Il voto mostra due fattori. Primo: il potere della Casa Bianca, che si fonda su una certa interpretazione costituzionale del ruolo dell’esecutivo, non è senza limiti. Anzi, i limiti si stanno manifestando in modo sempre più evidente. Secondo: la Corte suprema, benché composta da una grande maggioranza di conservatori, non sostiene acriticamente le politiche del presidente, come già dimostrato in altre occasioni. In poche ore sono passati in sequenza sulla scena l’infinito desiderio di potere di Trump e i limiti imposti dalle istituzioni.
Un’ora e quaranta
Non c’era bisogno di una prova lunga un’ora e quaranta minuti per confermare che Trump non è mai uscito – e non ha alcuna intenzione di uscire – dal registro del comizio e dall’eccitazione degli istinti polarizzanti della sua base come unica modalità di comunicazione.

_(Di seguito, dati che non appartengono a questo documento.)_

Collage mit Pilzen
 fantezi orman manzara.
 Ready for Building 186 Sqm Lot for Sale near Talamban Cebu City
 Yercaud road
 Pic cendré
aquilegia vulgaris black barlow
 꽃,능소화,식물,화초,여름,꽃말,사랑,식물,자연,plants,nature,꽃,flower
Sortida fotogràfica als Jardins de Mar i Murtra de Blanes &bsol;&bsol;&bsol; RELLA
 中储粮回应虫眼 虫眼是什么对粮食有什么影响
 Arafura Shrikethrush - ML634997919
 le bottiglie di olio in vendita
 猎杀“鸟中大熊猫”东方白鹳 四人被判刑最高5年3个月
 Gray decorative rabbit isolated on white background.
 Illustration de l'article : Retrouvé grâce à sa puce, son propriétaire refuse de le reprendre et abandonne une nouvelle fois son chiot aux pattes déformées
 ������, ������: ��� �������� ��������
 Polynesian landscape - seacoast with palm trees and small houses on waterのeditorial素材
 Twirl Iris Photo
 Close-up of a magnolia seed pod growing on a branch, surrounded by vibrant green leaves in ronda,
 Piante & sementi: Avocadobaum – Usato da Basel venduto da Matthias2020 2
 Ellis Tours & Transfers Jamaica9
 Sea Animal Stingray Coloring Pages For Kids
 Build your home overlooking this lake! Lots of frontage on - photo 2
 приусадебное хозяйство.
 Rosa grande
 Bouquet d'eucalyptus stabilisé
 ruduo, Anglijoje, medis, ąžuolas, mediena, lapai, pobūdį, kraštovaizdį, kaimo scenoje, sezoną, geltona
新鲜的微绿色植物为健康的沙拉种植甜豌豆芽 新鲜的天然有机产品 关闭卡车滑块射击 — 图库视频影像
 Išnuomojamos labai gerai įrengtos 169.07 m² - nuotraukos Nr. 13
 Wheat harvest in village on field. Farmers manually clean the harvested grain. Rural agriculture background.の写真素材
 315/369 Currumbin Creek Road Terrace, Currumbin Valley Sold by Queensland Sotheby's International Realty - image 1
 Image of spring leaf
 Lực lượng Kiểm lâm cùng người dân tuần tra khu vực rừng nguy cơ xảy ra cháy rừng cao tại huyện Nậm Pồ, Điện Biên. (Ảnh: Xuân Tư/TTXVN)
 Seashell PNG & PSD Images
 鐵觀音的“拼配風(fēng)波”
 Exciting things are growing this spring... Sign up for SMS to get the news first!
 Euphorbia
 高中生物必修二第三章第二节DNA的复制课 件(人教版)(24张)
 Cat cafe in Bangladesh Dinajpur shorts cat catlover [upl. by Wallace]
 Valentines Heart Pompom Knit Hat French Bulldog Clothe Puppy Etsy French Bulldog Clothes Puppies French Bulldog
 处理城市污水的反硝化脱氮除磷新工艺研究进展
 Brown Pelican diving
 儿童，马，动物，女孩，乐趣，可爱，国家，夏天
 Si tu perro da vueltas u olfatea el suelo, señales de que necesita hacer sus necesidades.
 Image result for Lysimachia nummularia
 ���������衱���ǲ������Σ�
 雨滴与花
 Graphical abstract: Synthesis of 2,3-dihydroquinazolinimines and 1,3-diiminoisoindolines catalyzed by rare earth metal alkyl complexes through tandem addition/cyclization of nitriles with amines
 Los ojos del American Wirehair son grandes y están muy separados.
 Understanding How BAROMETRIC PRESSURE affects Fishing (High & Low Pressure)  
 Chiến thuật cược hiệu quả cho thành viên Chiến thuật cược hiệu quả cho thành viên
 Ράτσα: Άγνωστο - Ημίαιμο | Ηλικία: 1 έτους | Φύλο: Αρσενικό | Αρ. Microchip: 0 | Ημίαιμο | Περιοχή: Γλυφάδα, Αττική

Il discorso al Congresso in seduta comune di martedì notte – non un vero “stato dell’Unione”, perché il presidente si è insediato alla Casa Bianca nell’anno corrente – ha ribadito il percorso di radicalizzazione di un presidente che sta prendendo a martellate il paese (e il mondo) con l’idea di ricostruirlo daccapo secondo nuovi criteri. Se lo scopo di questi rabbiosi sermoni collettivi a metà fra la pubblicità e il manifesto di una rivoluzione è paralizzare gli avversari e alzare la temperatura del mondo Maga, il discorso al Congresso è stato efficace. Estremamente efficace.
Com’è solito fare, Trump ha parlato e straparlato di qualunque argomento, proponendo diverse dichiarazioni fuorvianti o false che sono ormai entrate nella grammatica presidenziale, ma ne ha anche tirate fuori di inedite e fantasiose.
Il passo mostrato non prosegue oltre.